2The respondent denies making the comment. She also denies that the source of income was a factor, but rather states that her decision to not rent to the applicant and her boyfriend was based on the fact that the boyfriend smoked.
3For the reasons set out below, I accept that the applicant has demonstrated on a balance of probabilities that she was subject to discrimination in housing on the basis of her place of origin and/or ancestry, and her receipt of social assistance.
EVIDENCE
4Although there are areas of stark disagreement between the parties, many of the facts are not in dispute. It is common ground between the parties that on March 21, 2009, the applicant and her then boyfriend, Antonio Miranda, went to view a one-bedroom (self-contained) apartment on the second floor of the respondent’s house at 86 Ashburnham Road. They were shown the apartment by the respondent.
5Both the respondent and Mr. Miranda are from Brazil and speak Portuguese. While on the brief tour of the apartment, they spoke to one another in Portuguese. The applicant, who is originally from Mexico, testified that she speaks Spanish and English, but understands Portuguese as it is a similar language to Spanish. She understood but did not participate in the conversation between the respondent and Mr. Miranda.

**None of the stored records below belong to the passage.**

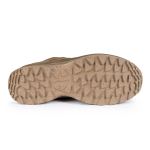 Buty taktyczne Lowa Innox Pro Lo TF. Coyote 8 Buty taktyczne Lowa Innox Pro Lo TF. Coyote 8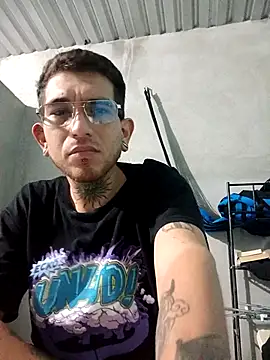 macarywillm online show from March 2026 08:18:01 AM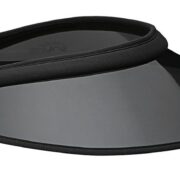 Soless Visor Original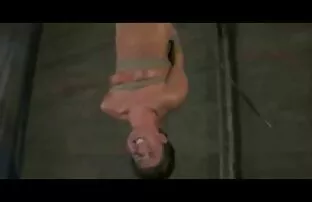 गुदा, तनाव, बंधन और सेक्स बीपी पिक्चर सेक्सी मूवी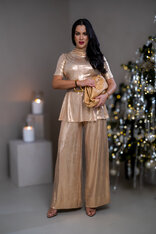 LUXUSNÝ KOMPLET “COCO” & “PATRICIA”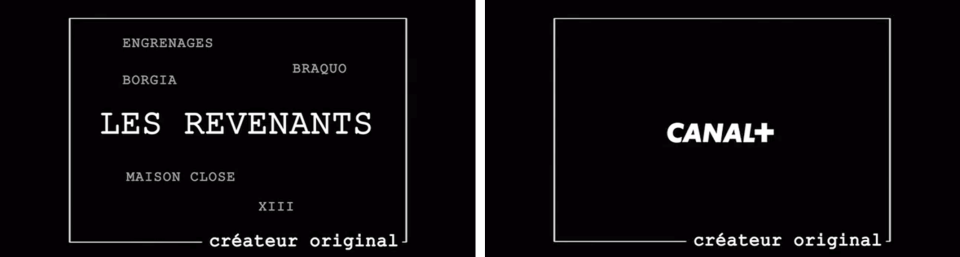 Les Revenants http://fastncurious.fr/wp-content/uploads/2013/01/revenants-960x257.png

6At the end of the tour, the applicant and Mr. Miranda indicated their interest in renting the apartment and were given and filled out an application. Although nothing much turns on this, the applicant filled out the bulk of the application form. This application asked them who they were employed by. Under Mr. Miranda’s name, the applicant left that answer blank, but filled in his ‘occupation’ as student. Under her name, she filled in OW (short for Ontario Works) for ‘employed by’ and student under ‘occupation.’

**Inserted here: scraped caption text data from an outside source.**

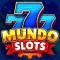 Mundo Slots - Tragaperras Bar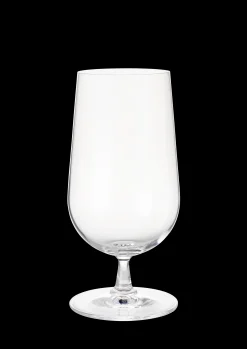 Rosendahl Gran Cru Ølglass 50 cl klar 2 stk.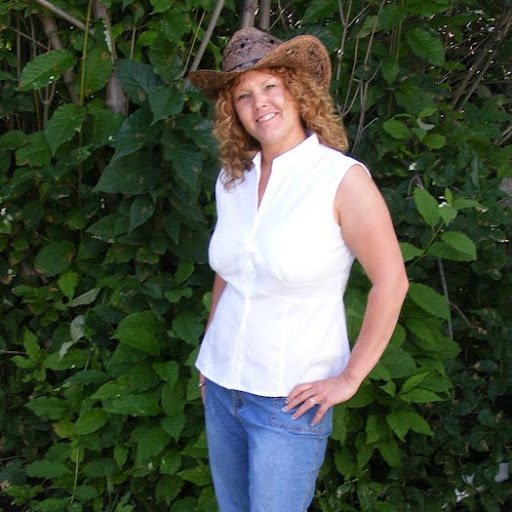 Donna Benoit Photo 30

7While they were filling out the application, they were joined by the respondent’s husband, who spoke English, but not Portuguese. In her Application to the Tribunal, the applicant alleged that the respondent asked them questions about their occupation. The respondent and her husband, Said Shahim, both testified that he, not the respondent, asked them in English who they worked for. Nothing much turns on this discrepancy. The applicant testified she and Mr. Miranda answered that they were students and on Ontario Works.

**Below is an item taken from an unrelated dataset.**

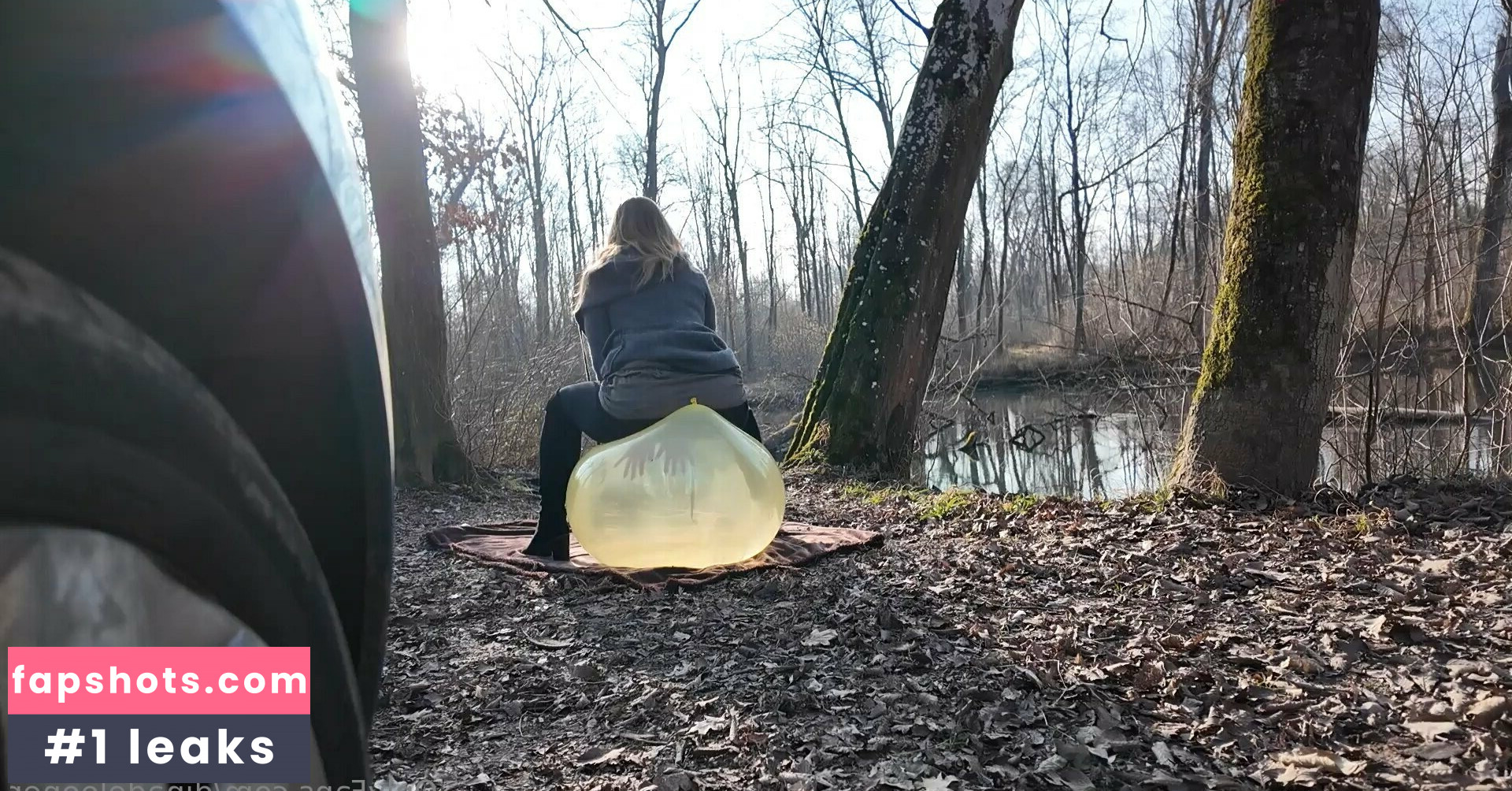 dinadelooner Nahé úniky fotek pouze od fanoušků #30 - Fapshots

8At this point, the applicant said that the respondent said in Portuguese that because Mr. Miranda was Brazilian, he should work in construction, and because the applicant was Mexican, she should work as a cleaner. It is not clear how the respondent knew the applicant’s country of birth.
9Both the respondent and her husband testified that she did not make those remarks, but that when Mr. Shahim asked them where they worked, Mr. Miranda answered (in English) that he was a student because he did not want to work in construction and the applicant answered she was a student because she did not want to work as a cleaner. It was pointed out to Mr. Shahim and the respondent in cross-examination that, although the applicant’s version of events appears in her Application, the respondent’s version of this conversation is not in her Response or any subsequent document submitted to the Tribunal.
10Shortly after this conversation, the applicant testified that she and Mr. Miranda left. The applicant testified that they felt concerned about the way the conversation had turned after they started discussing the fact that both were on Ontario Works. She said that Mr. Miranda phoned the respondent later that same day to ask about the apartment and the respondent answered that she would have to discuss the matter with her husband.
11Mr. Miranda called the respondent back the next day (i.e., March 22, 2009). The applicant said that they were suspicious about the respondent’s remarks and she had Mr. Miranda put his phone on speaker so she could listen in on the conversation, which was again in Portuguese. The applicant said that the respondent told them that she did not want to rent them the apartment because they were on Ontario Works, and that “people who work are very important.”
12The applicant further testified that Mr. Miranda was very upset at this point and told the respondent that that was against the law, to which the respondent replied that it was her house and she could do whatever she wanted. The applicant further testified that Mr. Miranda said they could sue the respondent, to which the respondent said they could do whatever they wanted.
13The respondent agrees that she rejected their application to rent, but that the decision was based on the fact that Mr. Miranda was a smoker. On the application form, the applicant had checked “yes” in answer to the question “do you smoke”, but added the caveat that the smoking took place “outside.” The applicant explained that she was asthmatic and so out of respect for that Mr. Miranda did not smoke inside their apartment.
14The respondent testified that she advised the applicant and Mr. Miranda, in person, of the fact that she was rejecting their application on the basis that he smoked. When Mr. Miranda said he smoked outside and the applicant said she was asthmatic, the respondent testified she responded that it did not matter because she had respiratory problems and could not tolerate second-hand smoke.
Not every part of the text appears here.